Pistoia deve smettere di comportarsi come una città marginale. Serve un rapporto leale con la Regione, ma più esigente. Pistoia è un capoluogo e deve far valere il proprio ruolo. La priorità è una vera visione di area vasta: collegamenti ferroviari migliori con Firenze, Prato, Lucca e la costa, valorizzazione della Porrettana, trasporto pubblico più efficiente. Serve una vera visione di area vasta, fondata soprattutto sul potenziamento del ferro, del trasporto pubblico e dei collegamenti sostenibili. Io credo che oggi la priorità non debba essere continuare a consumare suolo con nuove grandi infrastrutture stradali o aeroportuali, ma investire sulla mobilità pubblica, sulla sicurezza delle reti esistenti e su uno sviluppo più sostenibile.

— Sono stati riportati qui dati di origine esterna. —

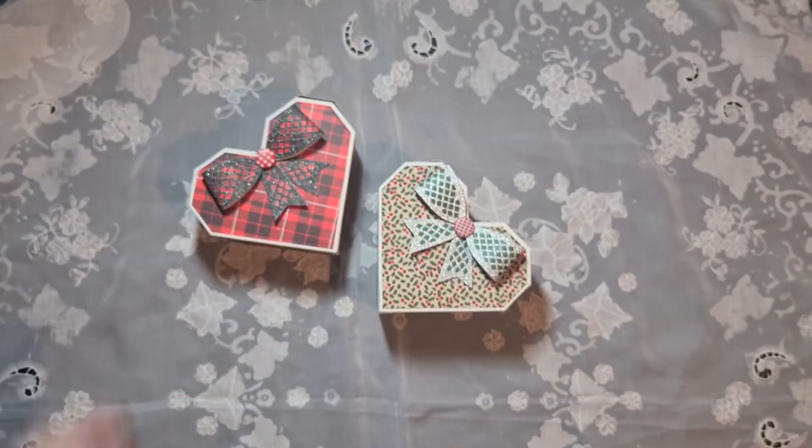So yeah, this was my quick little project share. If you stay for the rest of this video you'll see a quick walkthrough of my craft room — maybe you'll like that. I hope you'll be back for my next video, thank you for watching, bye bye.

Scrive Maurizio Ferrera sul Corriere della sera “Il vero nodo è la crescita”. Concorda con questa affermazione? E se sì, quali sono le proposte per Pistoia che ha un passo stanco, ormai da tanti anni?

Dipende da cosa intendiamo per crescita. Se significa più cemento, più rendita e lavoro povero, no. Se significa lavoro qualificato, imprese innovative, servizi, cultura, formazione e capacità di attrarre giovani, allora sì. Pistoia deve crescere bene: rafforzando il rapporto tra scuola, ITS, università e imprese; sostenendo vivaismo e industria ferrotranviaria; rigenerando aree dismesse; rilanciando cultura, turismo sostenibile e commercio di vicinato. Non deve diventare un’altra città. Deve tornare a essere pienamente se stessa, con più coraggio.

La prima scelta che ha in mente di fare per Pistoia, se eletto

Aprire il Comune. Voglio un’amministrazione che ascolti e coinvolga i cittadini non solo ogni cinque anni, ma durante tutto il mandato. Consulte, tavoli permanenti, strumenti di partecipazione nei quartieri e nelle frazioni, confronto vero con associazioni, categorie, sindacati, scuole e Terzo settore. Partecipazione non vuol dire non decidere. Vuol dire decidere meglio. Pistoia ha bisogno di un Comune che torni a guardare le persone negli occhi.

Giovanni Capecchi

Nato a Pistoia nel 1971. Dopo essersi laureato in Lettere presso l’Università di Firenze ha conseguito il dottorato di ricerca in Italianistica; quindi, è stato ricercatore all’Università per stranieri di Perugia, dove attualmente è professore associato di Letteratura italiana. Ha dedicato i suoi studi soprattutto all’Ottocento e al Novecento, seguendo alcuni filoni di ricerca: l’opera di Giovanni Pascoli, con particolare riferimento alla sua attività di critico di Dante e di prosatore, la letteratura e il Risorgimento, la letteratura della grande guerra, il romanzo nel Novecento. È stato Consigliere comunale a Pistoia (1994-1998, 1998-2002 e 2007-2008) e Assessore alla Cultura del Comune di Pistoia (2002-2005). È stato Consigliere generale della Fondazione Cassa di risparmio di Pistoia e Pescia dal 2015 al 2025. È Presidente di Uniser su indicazione del socio unico Fondazione Cassa di risparmio di Pistoia e Pescia. È Presidente del parco letterario Policarpo Petrocchi e direttore della rivista Naturart e Direttore scientifico dell’Atlante Pinocchio.